Available data
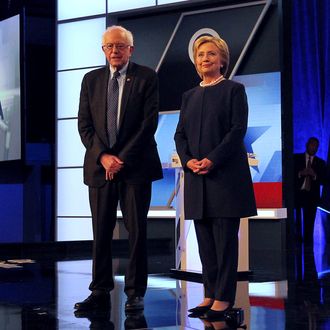 Democratic presidential hopefuls debate in Miami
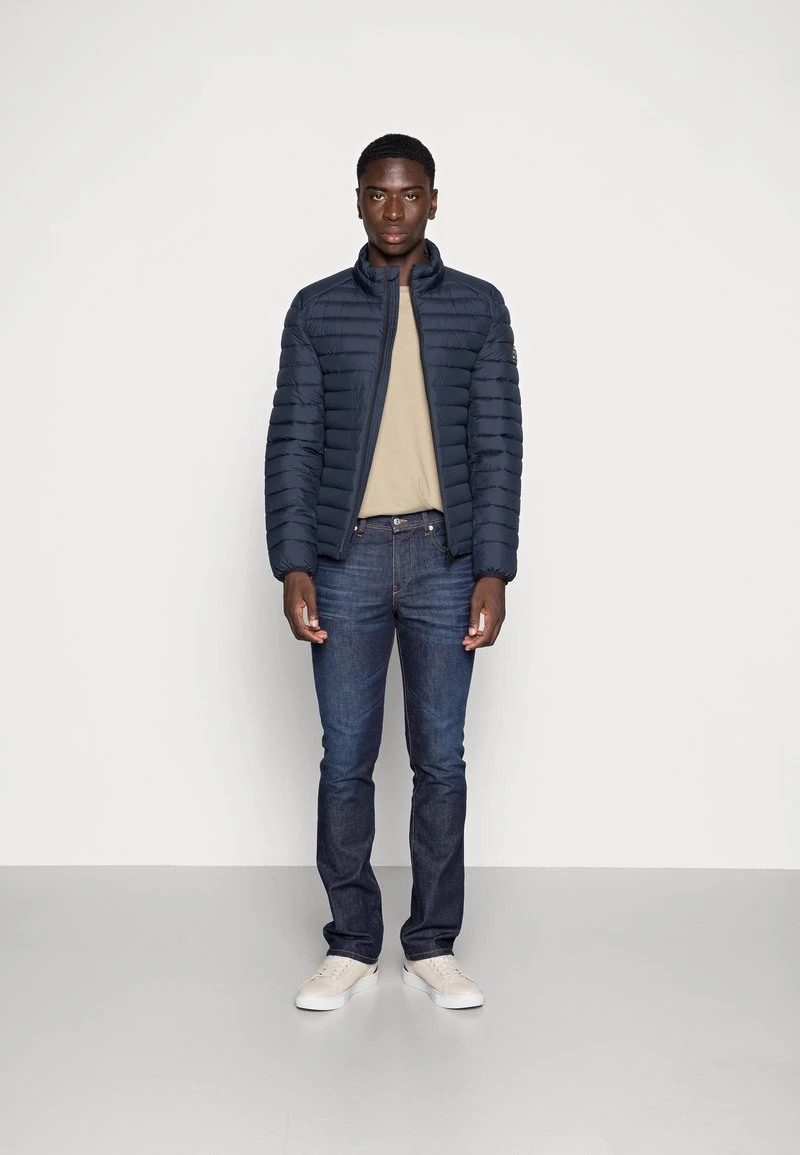 Diesel Hombre D-VOCS - Vaqueros Rectos - Dark Blue Denim 4 Diesel Hombre D-VOCS - Vaqueros Rectos - Dark Blue Denim - Imagen 2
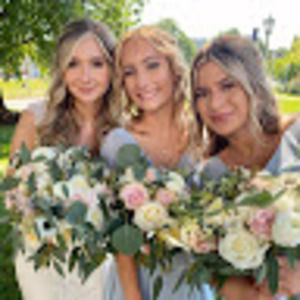 Meet your Posher, Damaris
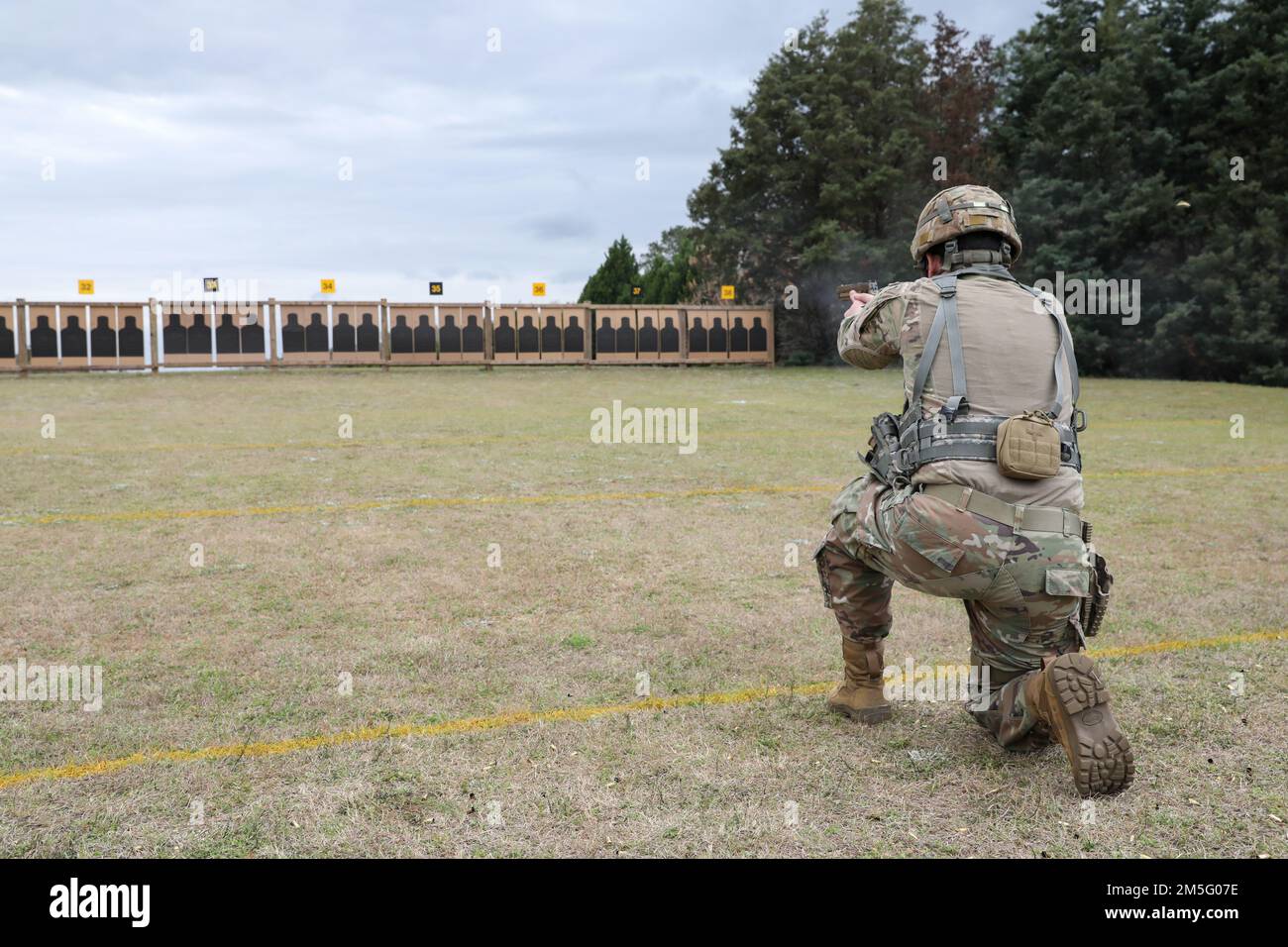 Mehr als 220 Soldaten traten in den 2022 USA an Army Small Arms Championships in Fort Benning, Georgia, 13.-19. März. Der einwöchige Wettkampf, bekannt als All Army, ist ein jährlicher Wettkampf, der von den USA veranstaltet wird Army Marksmanship Unit (USAMU) in Verbindung mit dem Maneuver Center of Excellence (MCOE), das Soldaten aus allen Bereichen zusammenbringt: Aktiver Dienst, Reserve, Nationalgarde und ROTC. Während dieser Schießerei traten die Soldaten in neun verschiedenen Schusslinien gegeneinander an und schossen über 146.000 Schuss Gewehr- und Pistolenmunition ab. Obwohl alle Armee die Soldaten begehrten Trophäen und Stockfoto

Work item
With the pictures removed, print only the lines starting at the line that has "Diesel Hombre D-VOCS - Vaqueros Rectos - Dark Blue Denim 4" and ending at the line that has "Meet your Posher, Damaris", both ends included, exactly as they stand above.

Written answer
 Diesel Hombre D-VOCS - Vaqueros Rectos - Dark Blue Denim 4 Diesel Hombre D-VOCS - Vaqueros Rectos - Dark Blue Denim - Imagen 2
 Meet your Posher, Damaris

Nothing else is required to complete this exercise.